_Supplied material_.
*** Block opens ***

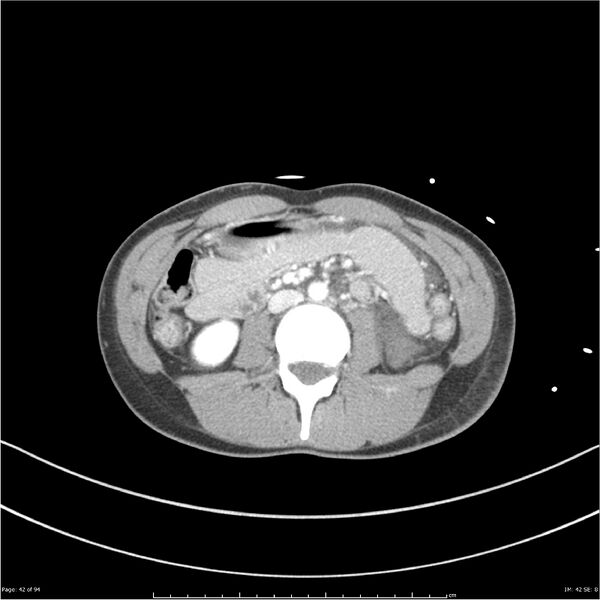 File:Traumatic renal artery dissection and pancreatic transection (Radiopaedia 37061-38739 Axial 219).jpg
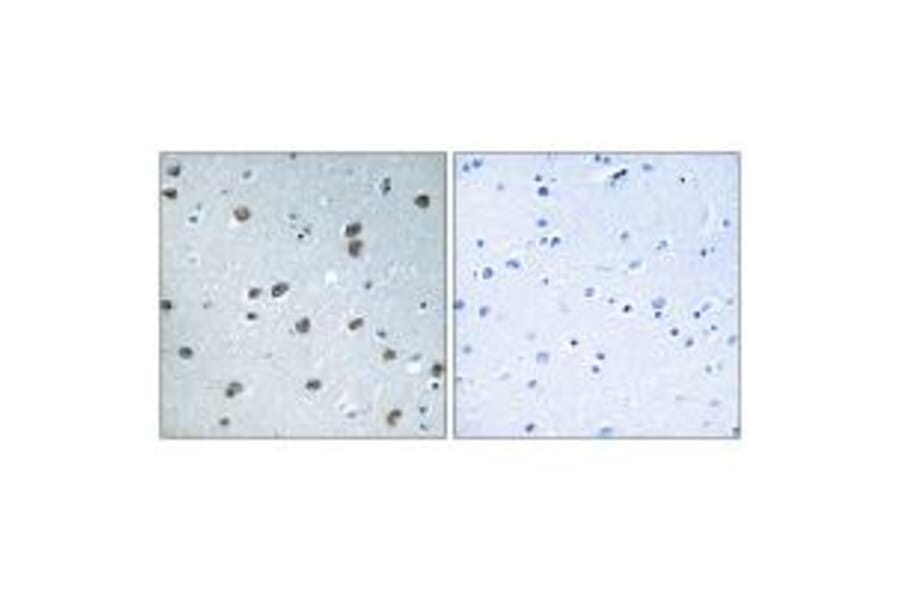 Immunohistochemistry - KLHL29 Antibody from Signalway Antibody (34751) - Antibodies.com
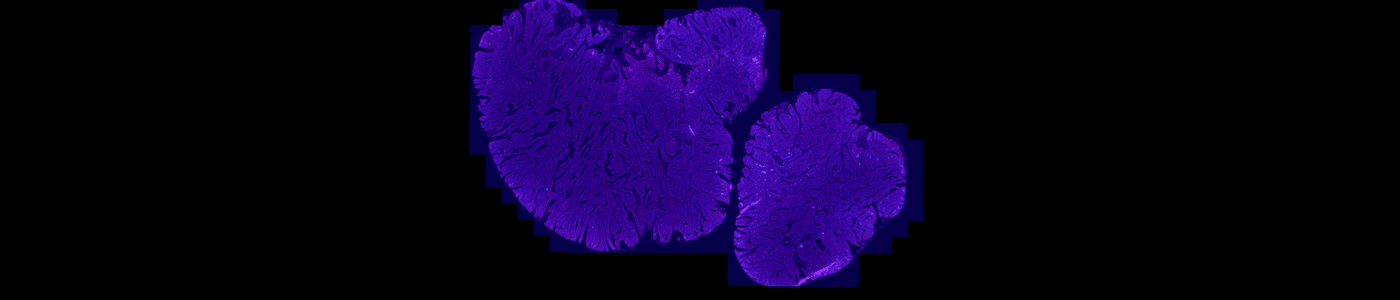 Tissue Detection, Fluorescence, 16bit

*** Block closes ***

_Required action_. Exactly as written, return each line above and leave the pictures behind.

_Exercise response_.
 File:Traumatic renal artery dissection and pancreatic transection (Radiopaedia 37061-38739 Axial 219).jpg
 Immunohistochemistry - KLHL29 Antibody from Signalway Antibody (34751) - Antibodies.com
 Tissue Detection, Fluorescence, 16bit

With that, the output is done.